Após recusa inicial, autoridades mantêm diálogo para possível colaboração do ex-banqueiro no caso Banco Master
A Polícia Federal comunicou ao Supremo Tribunal Federal (STF) que poderá analisar uma nova proposta de delação premiada apresentada por Daniel Vorcaro, proprietário do Banco Master, depois de ter rejeitado a oferta inicial por considerar as informações insuficientes.
A Polícia Federal (PF) sinalizou que está disposta a avaliar uma nova proposta de delação premiada do empresário Daniel Vorcaro, dono do Banco Master, uma semana após ter recusado a primeira oferta de colaboração. O comunicado foi enviado ao ministro André Mendonça, relator do caso no Supremo Tribunal Federal (STF). Segundo o ofício, caso uma nova proposta seja apresentada, ela será objeto de análise e discussão pelas autoridades responsáveis.

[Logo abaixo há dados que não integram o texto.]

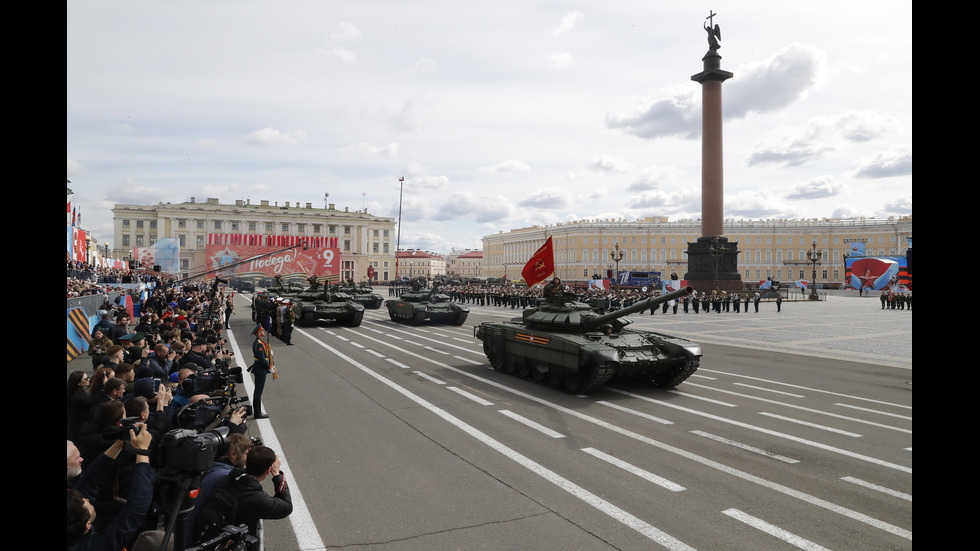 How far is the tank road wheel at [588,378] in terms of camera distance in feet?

A negociação da delação vinha ocorrendo de forma conjunta entre a PF e a Procuradoria-Geral da República (PGR). Até o momento, a PGR ainda não se pronunciou sobre a possibilidade de aceitar uma nova proposta do ex-banqueiro. Na semana passada, a Polícia Federal rejeitou a primeira oferta de colaboração, alegando que as informações fornecidas por Vorcaro eram insuficientes para avançar nas investigações.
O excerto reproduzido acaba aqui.